The Definitions
Negatively geared: Annual rental income < total deductible expenses. Net loss deducted from other income, reducing your tax bill. You're subsidising the property — hoping capital growth compensates over time.
Positively geared: Annual rental income > total deductible expenses. Net profit added to your taxable income. You receive cash flow each week — but pay more tax.
Neutrally geared: Rental income ≈ total expenses.
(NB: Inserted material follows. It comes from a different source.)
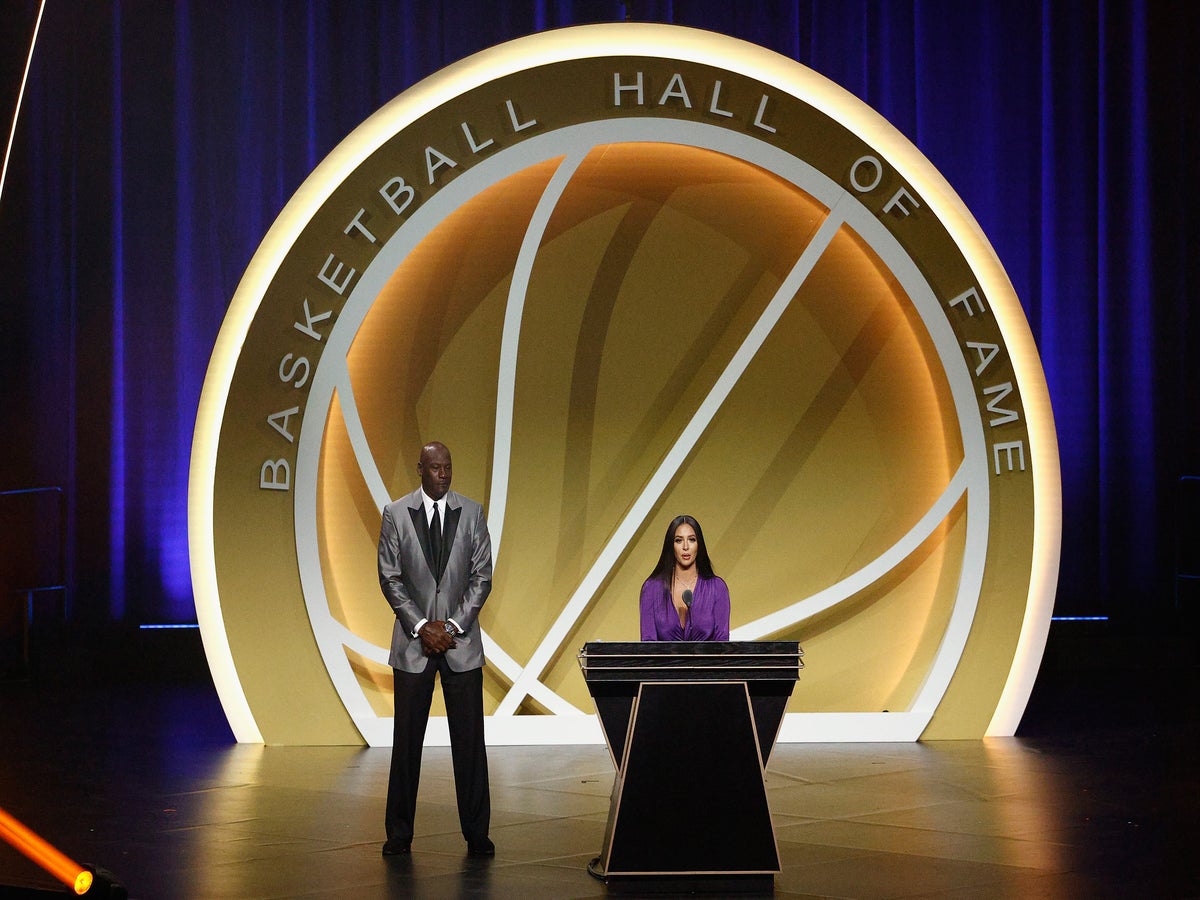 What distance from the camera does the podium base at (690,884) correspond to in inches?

No net loss or profit for tax purposes.
Negative Gearing: Worked Example
Purchase price: $800,000 | Loan: $640,000 at 6.4% (IO) | Rent: $650/wk = $33,800/year
Annual expenses:
Interest: $40,960
Rates + insurance + management: $6,500
Depreciation: $4,200
Total expenses: $51,660
Net rental loss: $17,860
Tax saving (at 37% marginal rate): $6,608
Out-of-pocket cost after tax: $11,252/year ($216/week)
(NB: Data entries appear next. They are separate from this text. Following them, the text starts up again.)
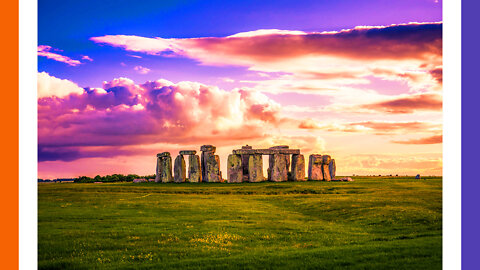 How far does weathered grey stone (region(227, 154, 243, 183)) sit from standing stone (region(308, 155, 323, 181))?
384 inches

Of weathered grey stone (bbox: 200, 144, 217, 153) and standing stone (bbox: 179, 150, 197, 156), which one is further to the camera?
weathered grey stone (bbox: 200, 144, 217, 153)

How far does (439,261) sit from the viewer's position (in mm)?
15914

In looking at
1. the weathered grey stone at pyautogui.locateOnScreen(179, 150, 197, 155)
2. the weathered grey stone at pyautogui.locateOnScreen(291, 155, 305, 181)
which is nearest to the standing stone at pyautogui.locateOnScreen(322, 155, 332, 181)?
the weathered grey stone at pyautogui.locateOnScreen(291, 155, 305, 181)

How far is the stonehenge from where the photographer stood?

This investor is paying $216/week to hold the property, betting on capital growth of $50,000–$80,000/year.
Positive Gearing: Worked Example
Purchase price: $550,000 | Loan: $440,000 at 6.4% (IO) | Rent: $550/wk = $28,600/year
Annual expenses:
Interest: $28,160
Rates + insurance + management: $5,000
Depreciation: $2,500
Total expenses: $35,660
Net rental loss: $7,060 (still slightly negative after depreciation)
Note: Without depreciation, this property would be cash-flow positive. Gross cash flow: +$440/year before depreciation.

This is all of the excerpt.